Büyük bir kısmı İçtimai Mükellefiyet Teşkilatının kooperatif şubeleriyle toplulaştırılmış bu köylüler, kolektif şeklinde çalışıp yaşıyorlardı. İlk zamanlarda çok sıkıntı çektiler. Birkaç defa dağılma alâmetleri gösterdiler. Fakat şehirlilerle köylüler arasında alışveriş şartları, rasyonel bir sistemle düzenlendikten sonra, hepsi emeklerinin mükâfatını görmeye ve hepsinin yüzü gülmeye başladı. Bunların, her Pazar gününün akşamında kadınlı erkekli, çoluklu çocuklu şen kalabalıklar halinde şarkılar söyleyerek köylerine dönüşlerini seyretmek başlı başına bir zevkti. Artık bunlar arasında eski gibi kirli paçavralara sarılmış dilenci kıyafetinde, hasta sakat, sıtmalı ve kavruk köylülere hiç rast gelinmiyordu. Bir defa İçtimai Mükellefiyet teşkilatının genç hekimleri tarafından bunların yedikleri yemekler, yattıkları yerler üstünde daimi bir kontrol tesis edildiği gibi, ayrıca, haftada bir kere de muayeneye tâbi tutuluyordu. Sonra yalnız köylüler için kurulmuş büyük istihlak kooperatiflerinde giyim ve kuşama ait şeyler devlet fabrikalarından o kadar ucuza satılıyordu ki, her köylü bir aylık ekonomisiyle bütün bir yıl için tepeden tırnağa giyip donanabilmek imkânını kolaylıkla temin ediyordu.” (147)

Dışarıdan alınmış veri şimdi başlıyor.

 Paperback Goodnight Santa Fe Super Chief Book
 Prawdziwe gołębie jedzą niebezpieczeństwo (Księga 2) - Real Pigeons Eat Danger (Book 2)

Yazı uzadı fakat yerimiz de yenimiz de dar. Ancak Yakup Kadri’nin kitabın 1964’teki üçüncü baskısında son bölüm için yazdıklarına kulak vermesek olmaz.

“Kitabın birinci bölümünde belirtmeye çalıştığım Milli Mücadele ruhundan hemen hiçbir iz bulamıyorum. Ya son bölümde hayalini kurduğum Türkiye’nin gerçekleşmesine doğru bir gelişme olmuş mudur? Ben, zamanla bir gün gelip öleceğini aklımdan bile geçirmediğim Atatürk’ün öncülüğü ve rehberliğiyle bu ideal Türkiye’ye yirmi yıl içinde varacağımızı umuyordum. Şimdi o yirmi yıl üstünden bir yirmi yıl daha geçmiş bulunuyor. Fakat biz, sosyal kültürel ve ekonomik devrim şartları bakımından, hala romanımın ikinci bölümünde verdiğim ve karikatürize yaptığım Ankara’nın içinde tepinip durmaktayız.”